Through these surveys, it was confirmed that the Senkaku Islands had been
uninhabited and showed no trace of having been under the control of China.
Based on this confirmation, the Government of Japan made a Cabinet Decision on
14 January 1895 to erect a marker on the Islands to formally incorporate the
Senkaku Islands into the territory of Japan. Since then, the Senkaku Islands
have continuously remained as an integral part of the Nansei Shoto Islands
which are the territory of Japan. These islands were neither part of Taiwan nor
part of the Pescadores Islands which were ceded to Japan from the Qing Dynasty
of China in accordance with Article II of the Treaty of Shimonoseki which came
into effect in May of 1895. Accordingly, the Senkaku Islands are not included
in the territory which Japan renounced under Article II of the San Francisco
Peace Treaty. They came under US control after World War II. The United States
kept that group of small islets for occasional bombing practice targets,
largely for its Liu Chiu based Air Force. Japan claimed that the Diaoyutai
Islands are part of Liu Chiu. The Senkaku Islands have been placed under the
administration of the United States of America as part of the Nansei Shoto
Islands, in accordance with Article III of the said treaty, and are included in
the area, the administrative rights over which were reverted to Japan in
accordance with the Agreement Between Japan and the United States of America
Concerning the Ryukyu Islands and the Daito Islands signed on 17 June 1971. The
facts outlined herein clearly indicate the status of the Senkaku Islands being
part of the territory of Japan. According to Japan, the fact that China
expressed no objection to the status of the Islands being under the
administration of the United States under Article III of the San Francisco
Peace Treaty clearly indicates that China did not consider the Senkaku Islands
as part of Taiwan. It was not until the latter half of 1970, when the question
of the development of petroleum resources on the continental shelf of the East
China Sea came to the surface, that the Government of China and Taiwan
authorities began to raise questions regarding the Senkaku Islands.
According
to China, Chinese historical records detailing the discovery and geographical
feature of these islands date back to the year 1403. For several centuries they
have been administered as part of Taiwan and have always been used exclusively
by Chinese fishermen as an operational base. In 1874, Japan took Liu Chiu
Islands from China by force. Diaoyutai, however, remained under the
administration Taiwan, a part of China. Taiwan (including Diaoyutai) was ceded
to Japan in 1895 after the first Sino-Japanese War. Originally, during the
Japanese occupation of Taiwan, the Diaoyutai Archipelago came under the
jurisdiction of Taipei Prefecture. After the close of the Second World War,
when U.S. troops were stationed on the Ryukyu and Diaoyutai Archipelagoes, the
KMT government which had received Taiwan did not immediately demand that that
the US give them sovereignty. Diaoyutai was returned to China at the end of
World War II in 1945 based upon the 1943 agreement of the Big Three in Cairo.
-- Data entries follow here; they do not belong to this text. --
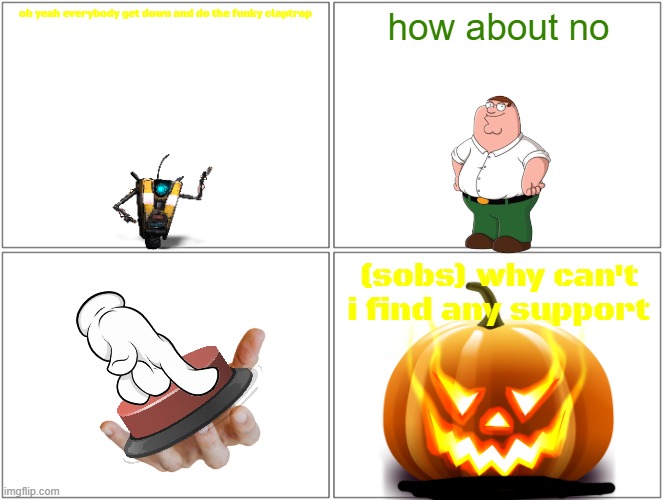 claptrap gets squished by a pumpkin | oh yeah everybody get down and do the funky claptrap; how about no; (sobs) why can't i find any support | image tagged in memes,blank comic panel 2x2,borderlands,family guy,halloween,pumpkins | made w/ Imgflip meme maker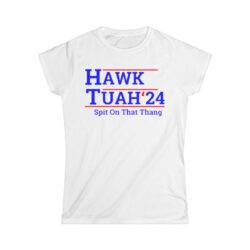 HAWK TUAH 2024 Women's T-Shirt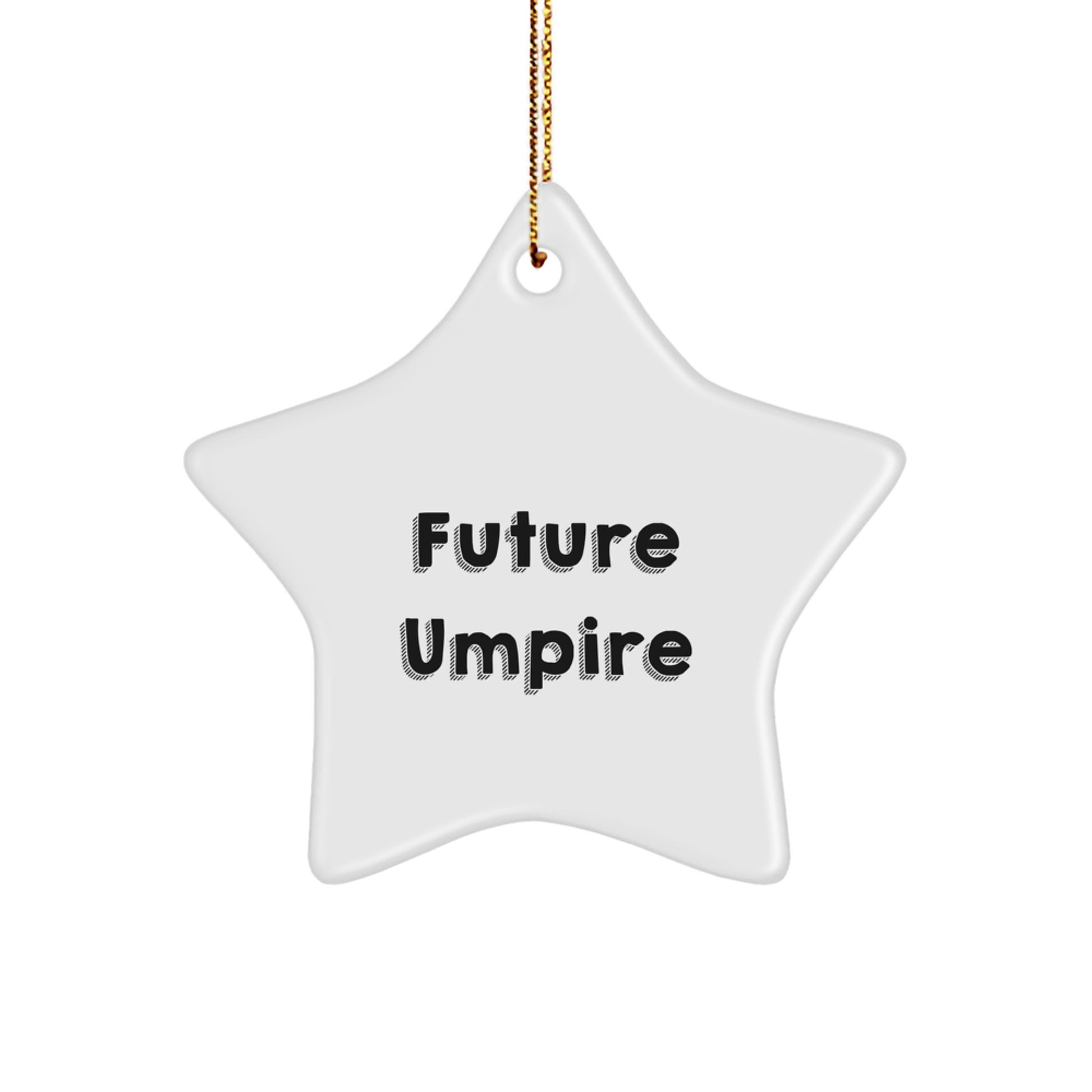 Future Umpire Funny Quote Star Ornament Gifts from Men to Umpire Friends Family, Unique Christmas Unique Gifts - Image 1
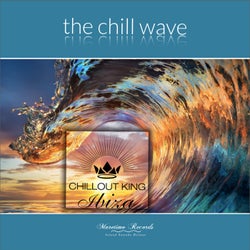 The Chill Wave - Sunset & House Grooves Deluxe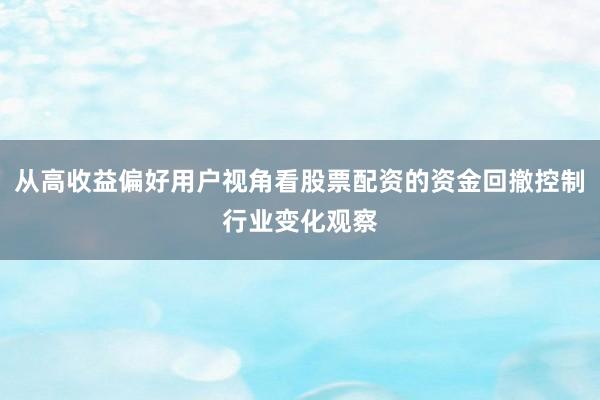 从高收益偏好用户视角看股票配资的资金回撤控制行业变化观察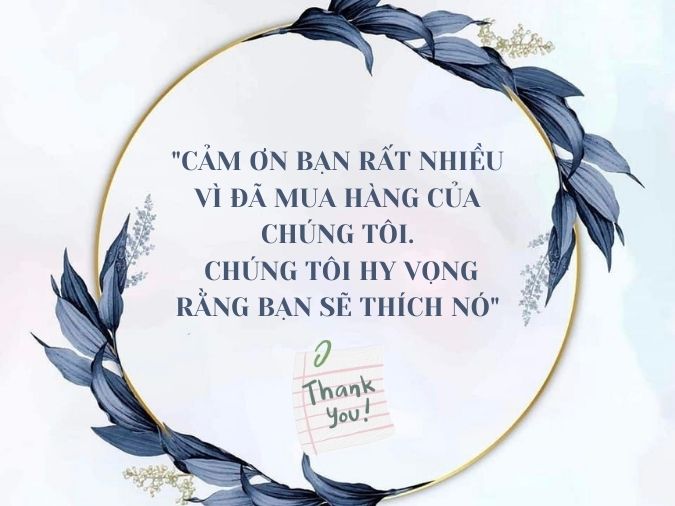 lời cảm ơn quý khách đã tin tưởng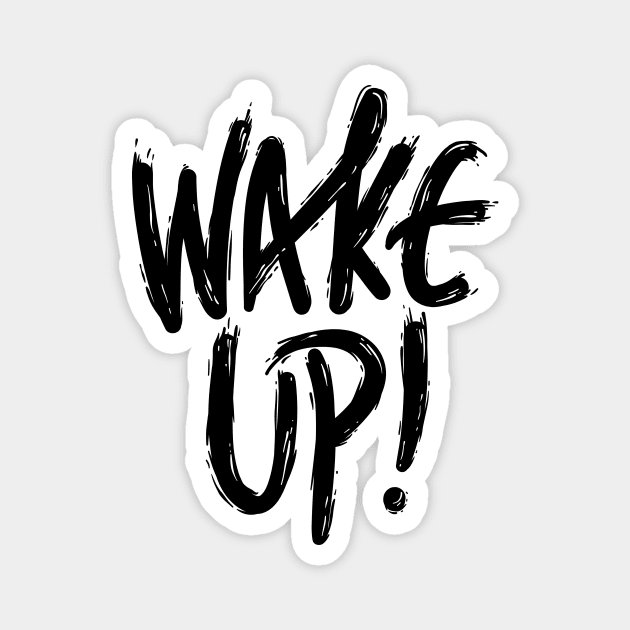 Calligraphy wake Up Magnet by thecolddots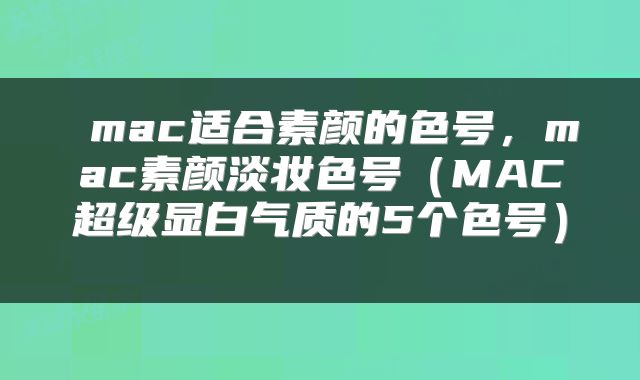  mac适合素颜的色号，mac素颜淡妆色号（MAC超级显白气质的5个色号） 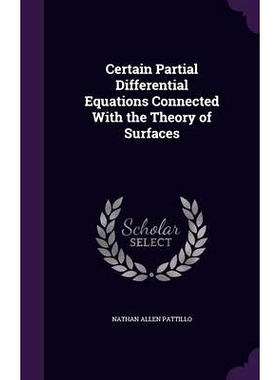 预订 Certain Partial Differential Equations Connected With the Theory of Surfaces: 9781359316264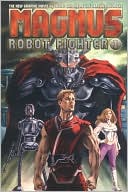 Book cover image of Magnus, Robot Fighter, Vol. 1 by Louise Simonson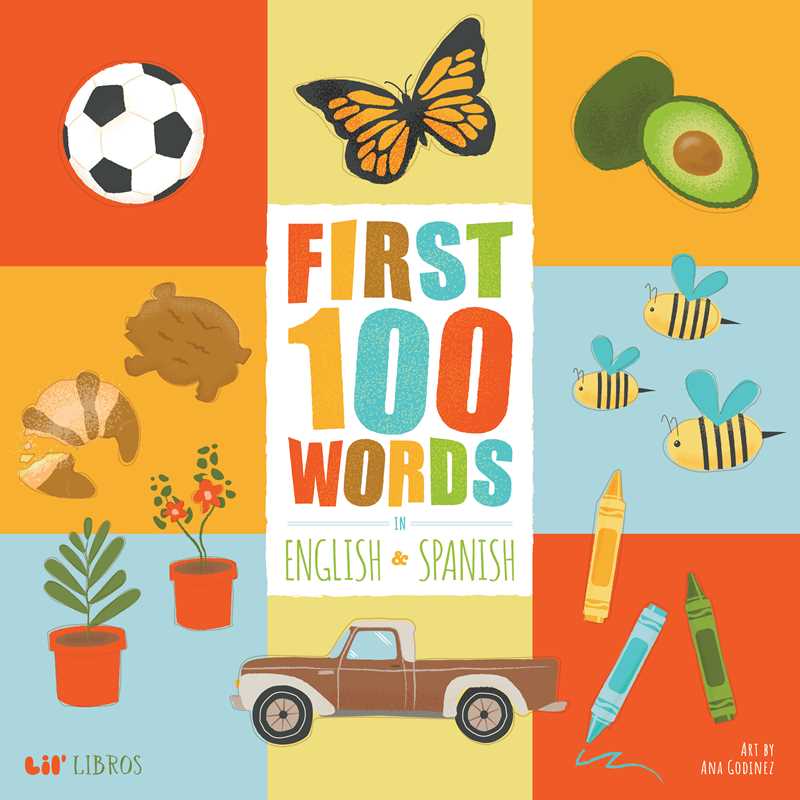 First 100 Words in English and Spanish by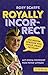 Royally Incorrect: Die besten Sprüche von Philip, Prinz Fettnapf by Rory Scarfe, Peter Littger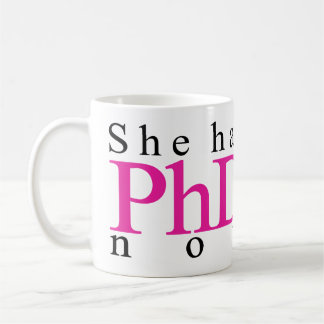 Ze heeft nu PhD Koffiemok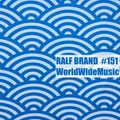 WorldWideMusic (06.11.2019); Mix by Ralf Brand #151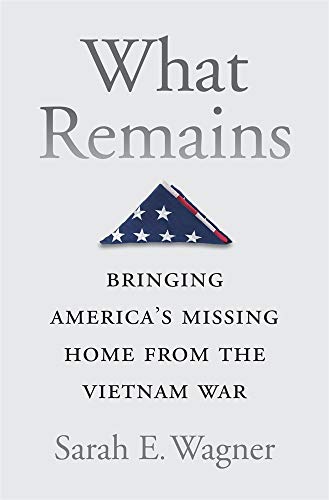 cover image What Remains: Bringing America’s Missing Home from the Vietnam War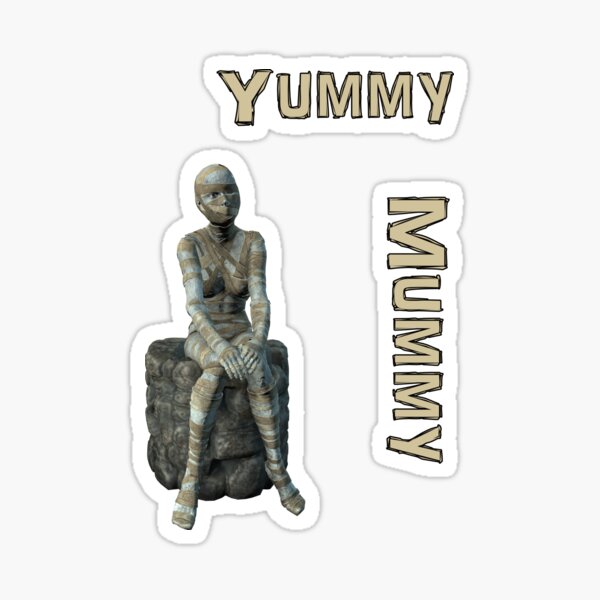 Yummy Mummy - I Want My Mummy Egyptian Fun Sticker
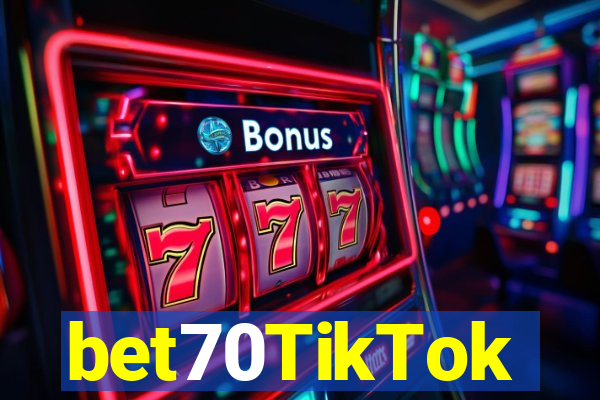 bet70TikTok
Diaoyutai was part of Taiwan hence was included in that package.
China
argues that Okinotorishima island, the southernmost island in the Japanese
archipelago, is merely a rock, not an island, in an attempt to nullify Japan's
claim of an exclusive economic zone around the small island, which is under
Tokyo jurisdiction. The Chinese said they had "differences of
opinion," citing Okinotorishima and the Senkaku Islands. While Beijing
acknowledges that Okinotorishima belongs to Japan, it stressed that it did not
fall under the classification of an island as defined by the UN Convention on
the Law of the Sea, but is instead a rock, which cannot be used to designate an
exclusive economic zone, as the Japanese government has done.
In
1969, a report by the UN Economic Commission for Asia and the Far East (ECAFE)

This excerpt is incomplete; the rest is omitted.